#### Exercise materials:
+++++

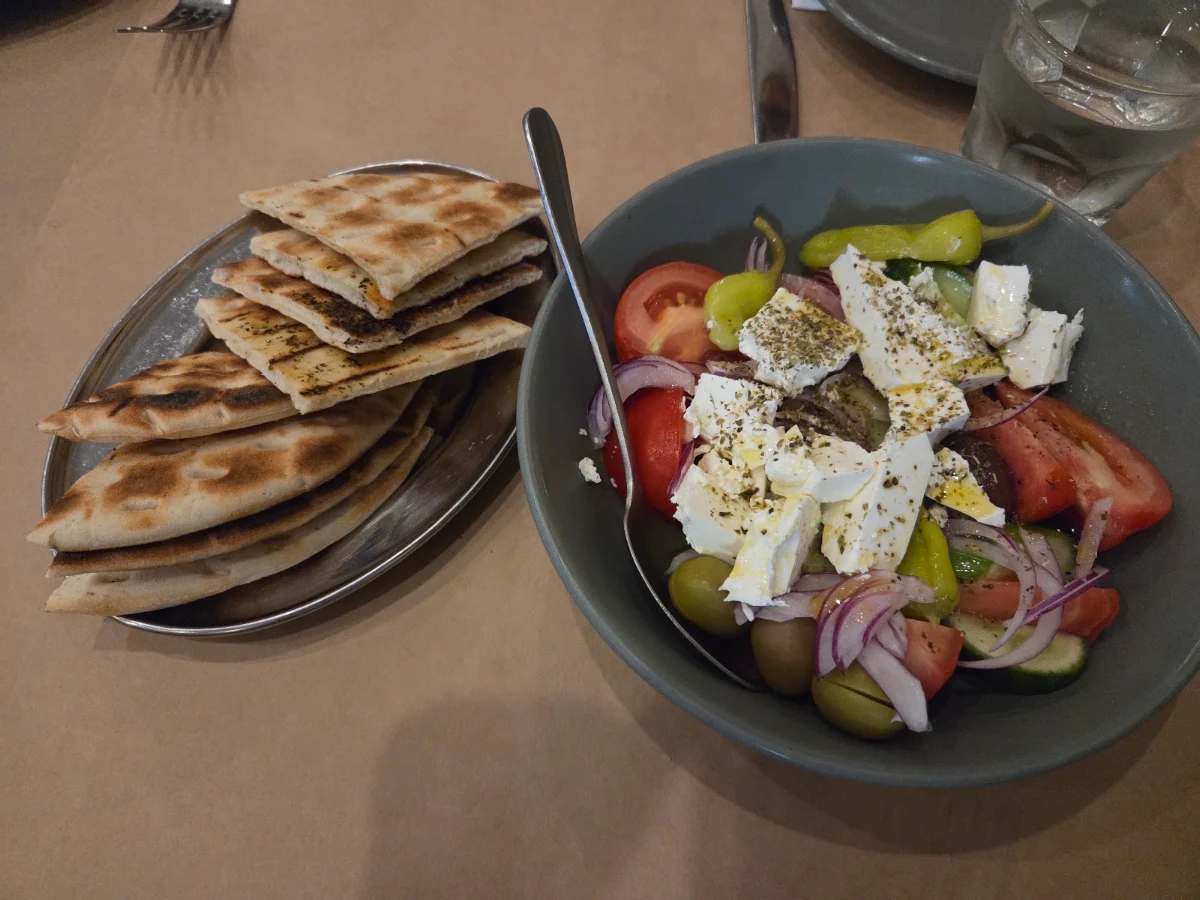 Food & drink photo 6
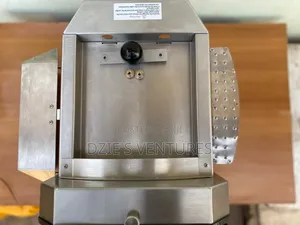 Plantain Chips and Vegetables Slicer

+++++

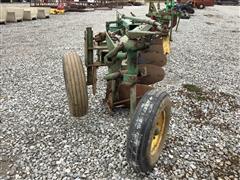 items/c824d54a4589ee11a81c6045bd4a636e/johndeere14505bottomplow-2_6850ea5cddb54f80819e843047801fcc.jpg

+++++

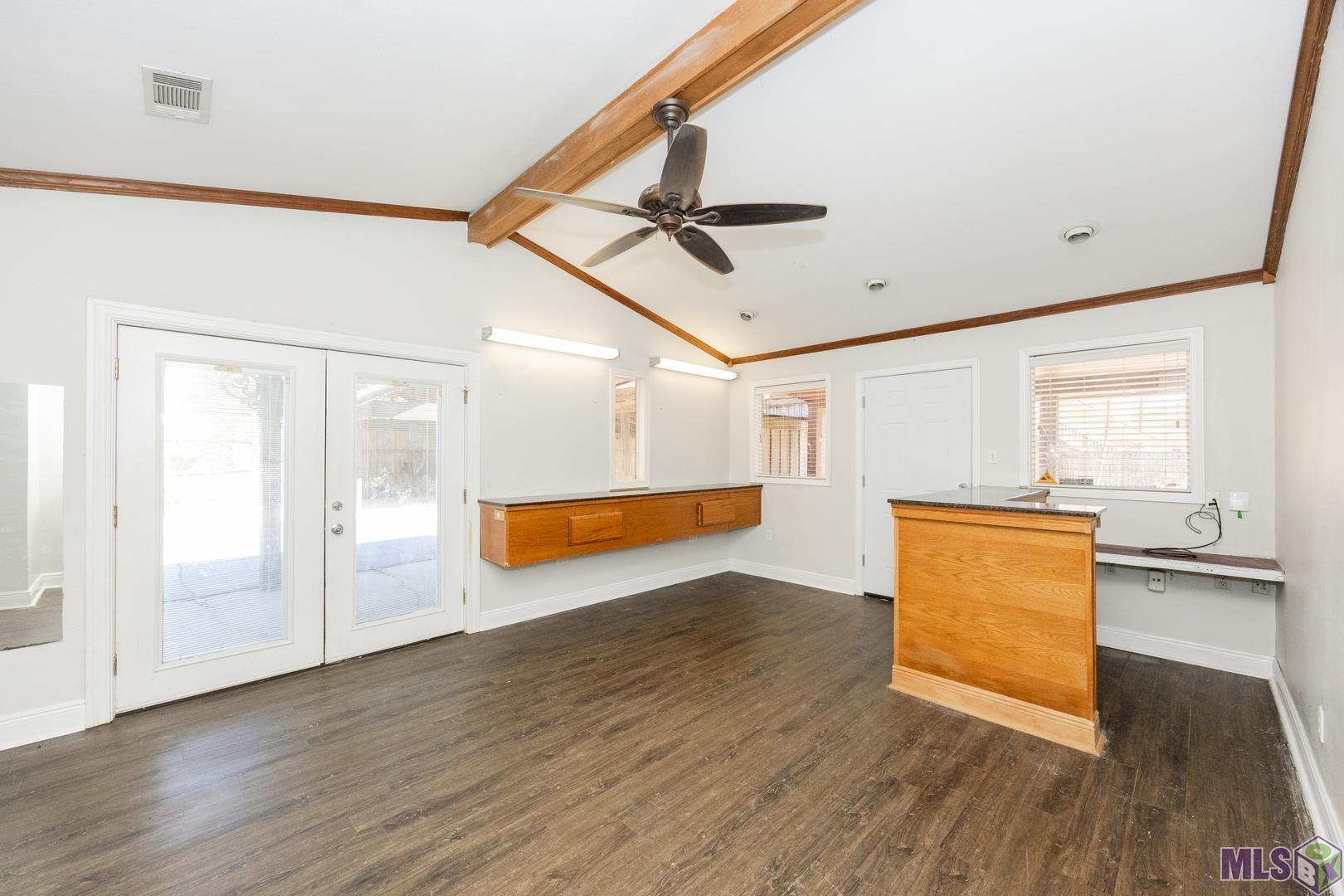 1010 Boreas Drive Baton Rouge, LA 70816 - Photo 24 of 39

+++++

#### What to do:
Could you repeat, exactly, only the lines above starting at the one that has "Food & drink photo 6" and stopping after the one that has "Plantain Chips and Vegetables Slicer", without the pictures?

#### Reply:
 Food & drink photo 6
 Plantain Chips and Vegetables Slicer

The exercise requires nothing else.